武甲山ぶこうざんというのか……ちょっと近くまで寄ってみるかな」


 299号を進む律は、武甲山の見栄えから寄り道がしたくなり、県道53号を一旦南下する。

 この道は上手く進むと都市部を回避して奥多摩湖方面の道へと繋がっているが、ナビを拡大表示しないと気づくことはできないであろう。


 山を中心に近づこうとする律はそのまま県道73号へと入っていった。


 しばらく景色に見とれつつ進むと、謎の湖に出た。

 秩父さくら湖である。


 そのまま進むと信じられないほど巨大なダムに行き着いた。


「これは……」


 一旦一時停止させた律はスマホで現在位置を確認した。

 近くの巨大建築物は「浦山ダム」と記載されている。


 浦山ダム。

 重力式コンクリートダムとしては日本で2番目の高さを誇り、関東では他の建築方法も加味した場合でも2番目の高さを誇る巨大ダム。


 ただし「高い」=「貯水量が多い」というわけではなく、貯水量だけでいえばもっと量が多いダムは多数ある。


 このダムはその道のファンから言わせれば重力コンクリート式にて都心部からそれほど遠くない場所にて圧倒的な「高さ」を体験できるところにあるらしく、ダムマニアの中でもファンは多いそうだ。


 特に春ごろになると湖周辺に桜が多く、秋になると秩父の山間の紅葉により多くの観光客で賑わう。

 近年はインスタグラムなどの登場によって観光客は増加傾向にあるという。


 春前の平日である現在、さほど観光客は見当たらなかったが、ダムの真下の無料駐車場へと向かった律は、見上げる状態となったその姿を写真を撮ってしまうほどに、これまで見たダムの中でも巨大なものに見えた。


 実際、巨大なのだが。

 ちなみにこのダムの放流された水はそのまま近くの荒川を通り、都内へと流れていくのだ。


 ダムの見学をしようか迷った律はとりあえずエレベーターでダムの最上へと向かっていく。

 その展望台が美しいと評判だったからである。


 展望台へと向かうと秩父の景色が一望できた。

 武甲山のほうが秩父の景色は美しいのだが、それでもそれに負けないぐらいの景色をみることが出来た。

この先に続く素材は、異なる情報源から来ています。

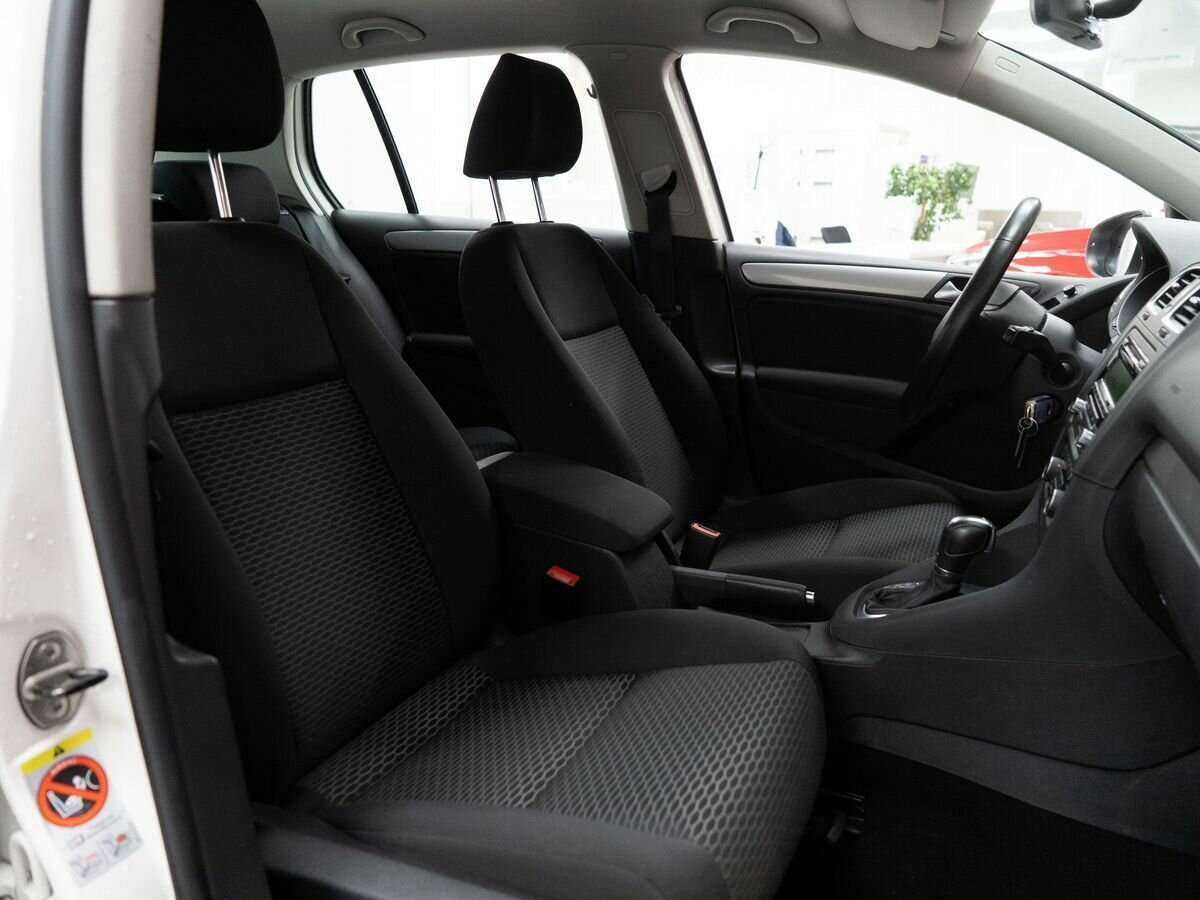 Volkswagen Golf, 2012 Фото №10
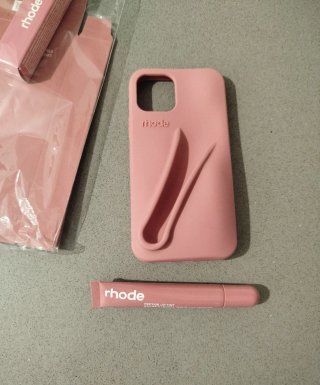 Funda Rhode iPhone 12 + Gloss Labial NUEVA
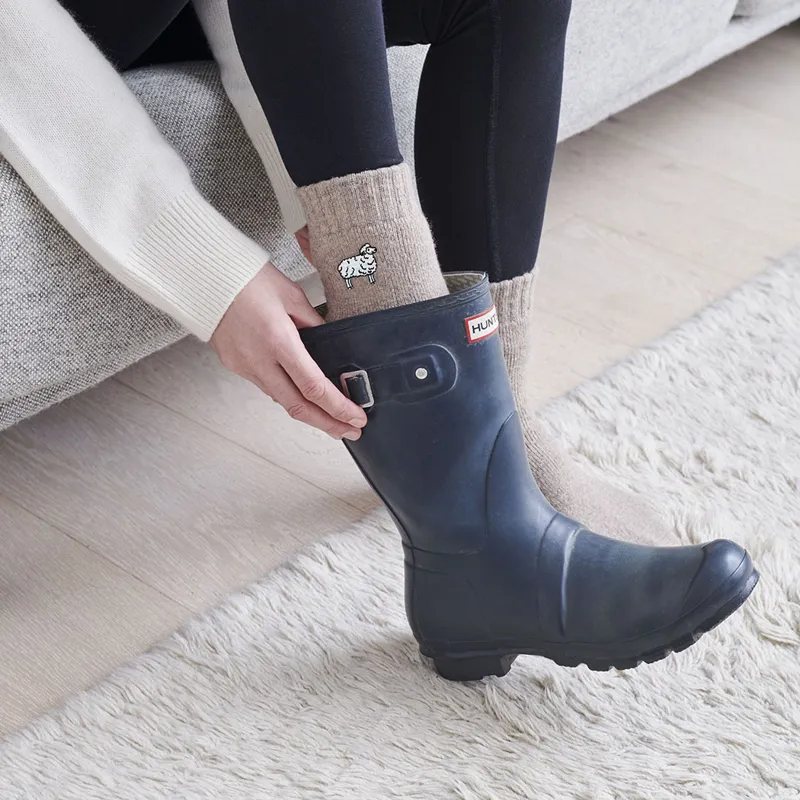 Countryside Walking Socks - Sheep-2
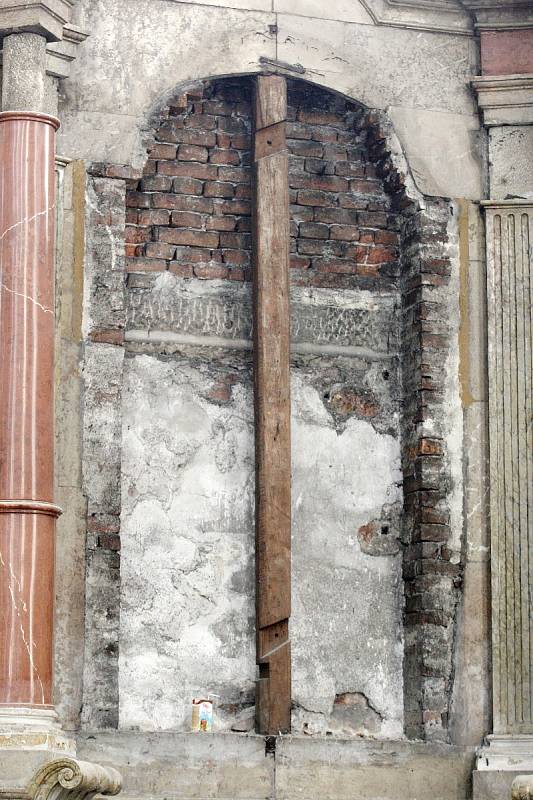 Dělníci teď pracují na vnitřní výmalbě hlavní lodi. Ta je hotová ze dvou třetin. Obrazy a sochy mají v péči restaurátoři v ateliérech na různých místech České republiky.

 展望台を15分ほど堪能した律はそのまま浦山ダムを後にする。

 まずはガソリン補給である。

 秩父市の街中へ入っていき、やや割高なれどENEOSにてハイオクを満タンにようと考えたのだ。


 そしていざスタンドに入ってみると、なんとここのガソリンスタンドは今日一般的なセルフ式ではなかった。

 そこで律は驚くべき光景を目にする。


 従来、律はガソリンタンクの奥までノズルを突っ込んでガソリンを入れていた。

 ノズルが自動停止するまで入れる、その繰り返し。


 その結果いっつも300km前後で燃料切れ間近となるので「燃費が悪すぎる」と感じていた。


 しかし店員はさも当たり前のごとく「溢れない」程度の所でノズルを支えつつ、一気に入れた後は慣れた手つきでチョロチョロと少量にて燃料キャップを閉めても溢れ出てこない程度の限界までガソリンの量を入れる。


 律はその様子からふと顔を右に向け、ガソリンスタンドの軽量機の数値を見る。


 なんとなくだが、18L間違いなく入っていると断言出来る。

 実際には18.3Lきちんと入っていたが、律にはまだ理解できていなかった。


 律からすれば「こんなに入るのか!?」といったぐらいにCB400は燃料が完全な意味での「満タン」となった。


 キャップを閉める前、律はどの程度まで入れたのかを見逃さない。

 (そうか……こうやって入れるのか……)


 それまで、自動車における満タンとはノズルを差し込んで強制停止するまでが満タン。

 そこからあえて燃料キャップギリギリまで入れる必要性などなかった。


 バイクにおいては現行車ではスーパーカブとCB400のみ給油が面倒な燃料タンクとなっているが、他はもっと楽。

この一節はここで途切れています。